6. Yang Dze-kü [^318] était parti vers le sud, à Phei [^319], tandis que Lâo Tan voyageait vers l’ouest, à Khin [^320]. (Il) demanda alors à (Lao-dze) de venir à la frontière (de Phei), et se rendit lui-même à Liang, où il le rencontra. Lâo-dze se tint au milieu du chemin et, levant les yeux au ciel, dit avec un soupir : « Au début, j’ai pensé que tu pourrais être instruit, mais maintenant je vois que tu ne peux pas l’être. » Yang Dze-kü ne répondit pas ; [ p. 148 ] et lorsqu’ils arrivèrent à leur logement, il apporta de l’eau pour que le maître puisse se laver les mains et se rincer la bouche, ainsi qu’une serviette et un peigne. Il ôta alors ses chaussures devant la porte, s’avança à genoux et dit : « Autrefois, votre disciple souhaitait vous demander, Maître, (la raison de vos paroles) ; mais vous marchiez, et l’occasion ne s’est pas présentée, aussi je n’ai pas osé parler. Maintenant, l’occasion se présente, et je vous demande pourquoi vous avez parlé comme vous l’avez fait. » Lâo-dze répondit : « Vos yeux sont hautains et vous fixez le vide ; qui voudrait vivre avec vous ? Le plus pur se comporte comme s’il était souillé ; le plus vertueux semble se sentir imparfait. » Yang Dze-kü parut confus et changea de visage, disant : « Je reçois vos ordres avec révérence. »

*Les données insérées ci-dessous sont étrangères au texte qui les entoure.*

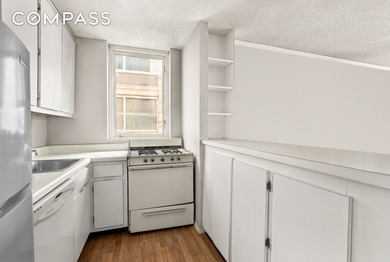 Bring your architect or contractor to reimagine this high-floor - photo 5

Lorsqu’il se rendit pour la première fois à la maison d’hébergement, les habitants le rejoignirent et le précédèrent. Le maître des lieux lui porta sa natte, et la maîtresse apporta la serviette et le peigne. Les locataires laissèrent leurs natte et le cuisinier sa cheminée (en passant devant eux). Lorsqu’il partit, les autres habitants de la maison se disputèrent avec lui l’emplacement de leurs natte[^321].